*** Opening of Source data ***

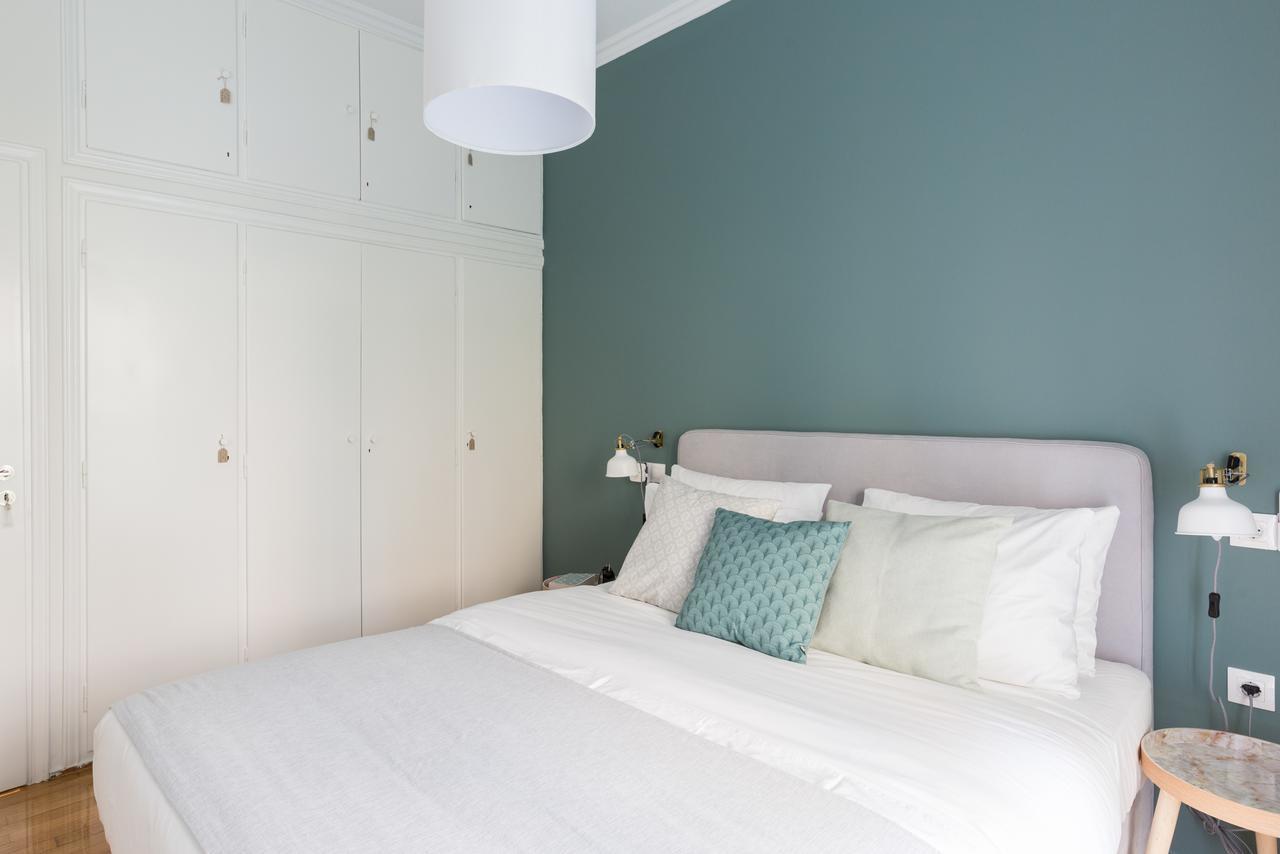 Sleek Flat In Syntagma By Upstreet Athens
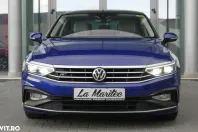 Volkswagen Passat din 2020 cu 154.676 km - oferta VOL160373 - foto 1
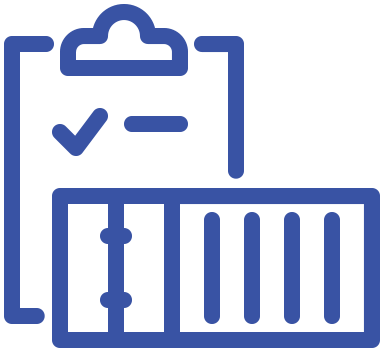 Warehouse logistics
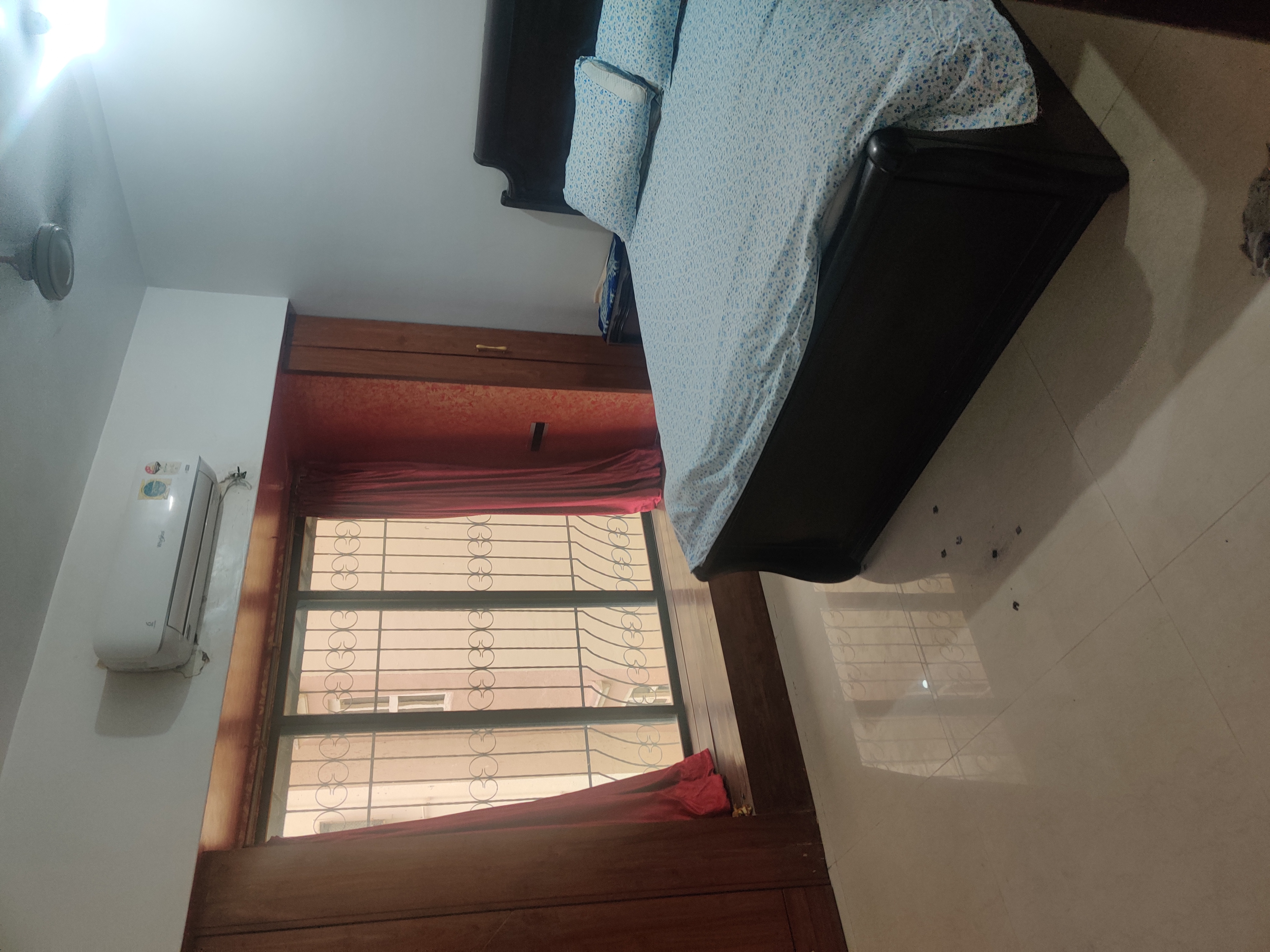 2 BHK Apartment For Rent in K Raheja Palm Court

*** Close of Source data ***

* _Task instructions_:
Without the pictures, give every line of the data again, exactly as written.

* _Worked solution_:
 Sleek Flat In Syntagma By Upstreet Athens
 Volkswagen Passat din 2020 cu 154.676 km - oferta VOL160373 - foto 1
 Warehouse logistics
 2 BHK Apartment For Rent in K Raheja Palm Court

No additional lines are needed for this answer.